What need to be in the 75,000 miles service? 
Beside oil & oil Filter change for the 25th time.
Had to change ball joints & inner tie rod ends for PA state inspection.
Air Filter was also changed.


----------



## dieselss (Jan 3, 2008)

What's coolant look like? And what does the degas bottle look like? Axles, t-case, trans fluid. Brake fluid. And a general inspection of the tk


----------



## dieselss (Jan 3, 2008)

I know t-stat and water pump are semi normal....motor mounts and exhaust studs. Oil dipstick tubes as well


----------



## 70monte (Feb 5, 2008)

What does the owner's manual say to do at the 75,000 mile service?

Wayne


----------



## tuney443 (Jun 25, 2006)

The owner's manual is about as clear as mud regarding specific mileage maintenance schedules.If you haven't done so already,or it was awhile ago,I would change fluids in both axles,TC,tranny,flush both your power steering and brakes,check your spark plugs and Dex-cool,might want to change those now. I take it you're greasing your 11 zerk fittings every other oil change at a minimum?


----------



## TomsSnowPlowING (Jan 11, 2011)

What owner's manual? 
I got the truck used back in July 15 of 2011. From an action. For $12,000.
It had 54,000 miles on it.


----------



## TomsSnowPlowING (Jan 11, 2011)

It did not come with an owner's manual


----------



## TomsSnowPlowING (Jan 11, 2011)

Is there a 2004 Chevrolet Truck Silverado 2500HD 4WD 6.0L SFI 8cyl. web site for a Owner's manual down load.


----------



## dieselss (Jan 3, 2008)

I would do all fluids,,,,and then a throughro inspection.

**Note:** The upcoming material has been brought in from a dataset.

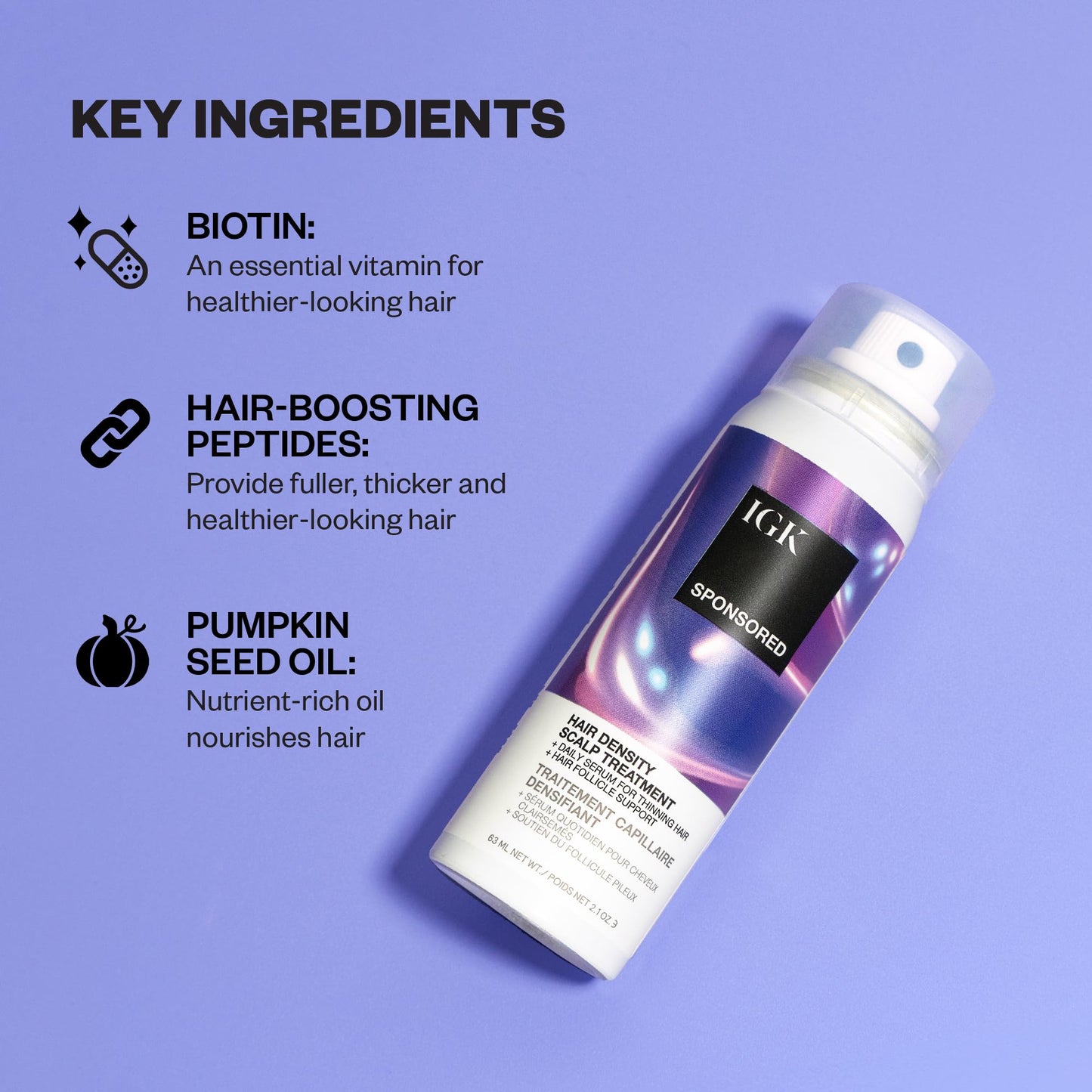 IGK Sponsored Hair Density Scalp Treatment 63 ml / 2.1 oz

Sometimes just going by the miles ain't the best thing


----------



## SnowplowingLady (Nov 23, 2009)

Here you go downloadable Owner's manual many more where that came from.
http://www.silveradosierra.com/down...rs_manual/2004_chevrolet_silverado_owners.pdf


----------



## SnowplowingLady (Nov 23, 2009)

others
http://www.silveradosierra.com/owners-manuals/


----------